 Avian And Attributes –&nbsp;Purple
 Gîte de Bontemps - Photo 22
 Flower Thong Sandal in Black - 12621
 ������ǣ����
...
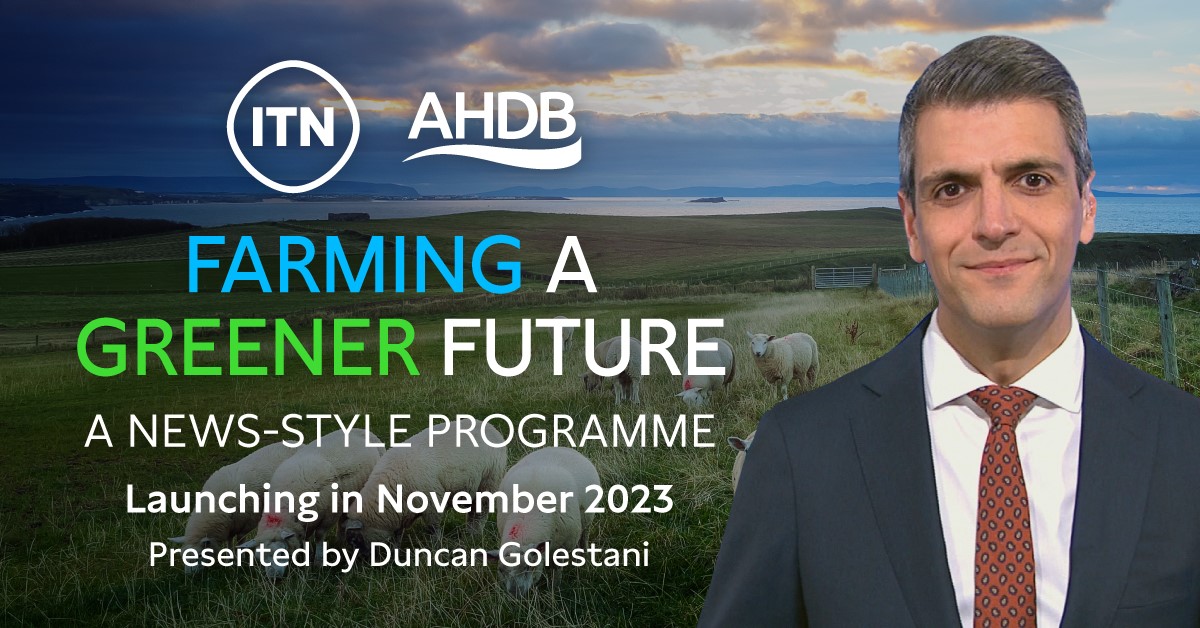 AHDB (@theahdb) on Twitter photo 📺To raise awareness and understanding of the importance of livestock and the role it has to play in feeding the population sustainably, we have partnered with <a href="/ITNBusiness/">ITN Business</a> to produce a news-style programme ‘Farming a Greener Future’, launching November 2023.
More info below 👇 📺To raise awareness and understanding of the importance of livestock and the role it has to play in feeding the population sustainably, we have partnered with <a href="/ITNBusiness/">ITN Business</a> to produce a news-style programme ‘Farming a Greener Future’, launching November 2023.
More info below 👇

_What to produce_.
Using the listing above, pick out each line that contains the word "info", then copy it.

_Solution_.
More info below 👇 📺To raise awareness and understanding of the importance of livestock and the role it has to play in feeding the population sustainably, we have partnered with <a href="/ITNBusiness/">ITN Business</a> to produce a news-style programme ‘Farming a Greener Future’, launching November 2023.
More info below 👇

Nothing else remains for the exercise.